▶ **WHAT THE TASK REQUIRES**: Once the data has been read, restate all of it exactly.

*** RECORDS PROVIDED Section Begins ***

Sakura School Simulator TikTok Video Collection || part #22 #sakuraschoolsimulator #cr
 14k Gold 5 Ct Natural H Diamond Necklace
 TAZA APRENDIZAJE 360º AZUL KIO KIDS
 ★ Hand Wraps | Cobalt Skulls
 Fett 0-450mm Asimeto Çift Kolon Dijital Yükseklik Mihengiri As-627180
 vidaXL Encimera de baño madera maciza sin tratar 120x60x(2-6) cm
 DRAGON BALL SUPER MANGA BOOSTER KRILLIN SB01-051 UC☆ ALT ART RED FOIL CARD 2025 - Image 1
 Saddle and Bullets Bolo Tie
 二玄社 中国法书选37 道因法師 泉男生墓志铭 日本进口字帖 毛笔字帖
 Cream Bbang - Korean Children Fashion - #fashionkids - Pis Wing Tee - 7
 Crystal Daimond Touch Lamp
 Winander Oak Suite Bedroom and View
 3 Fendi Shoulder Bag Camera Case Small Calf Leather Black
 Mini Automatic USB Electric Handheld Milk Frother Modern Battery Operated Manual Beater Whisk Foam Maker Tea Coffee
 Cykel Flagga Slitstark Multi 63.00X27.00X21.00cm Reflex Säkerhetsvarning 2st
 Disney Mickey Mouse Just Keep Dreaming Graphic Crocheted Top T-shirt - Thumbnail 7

*** RECORDS PROVIDED Section Ends ***

▶ **WRITTEN SOLUTION**:
Sakura School Simulator TikTok Video Collection || part #22 #sakuraschoolsimulator #cr
 14k Gold 5 Ct Natural H Diamond Necklace
 TAZA APRENDIZAJE 360º AZUL KIO KIDS
 ★ Hand Wraps | Cobalt Skulls
 Fett 0-450mm Asimeto Çift Kolon Dijital Yükseklik Mihengiri As-627180
 vidaXL Encimera de baño madera maciza sin tratar 120x60x(2-6) cm
 DRAGON BALL SUPER MANGA BOOSTER KRILLIN SB01-051 UC☆ ALT ART RED FOIL CARD 2025 - Image 1
 Saddle and Bullets Bolo Tie
 二玄社 中国法书选37 道因法師 泉男生墓志铭 日本进口字帖 毛笔字帖
 Cream Bbang - Korean Children Fashion - #fashionkids - Pis Wing Tee - 7
 Crystal Daimond Touch Lamp
 Winander Oak Suite Bedroom and View
 3 Fendi Shoulder Bag Camera Case Small Calf Leather Black
 Mini Automatic USB Electric Handheld Milk Frother Modern Battery Operated Manual Beater Whisk Foam Maker Tea Coffee
 Cykel Flagga Slitstark Multi 63.00X27.00X21.00cm Reflex Säkerhetsvarning 2st
 Disney Mickey Mouse Just Keep Dreaming Graphic Crocheted Top T-shirt - Thumbnail 7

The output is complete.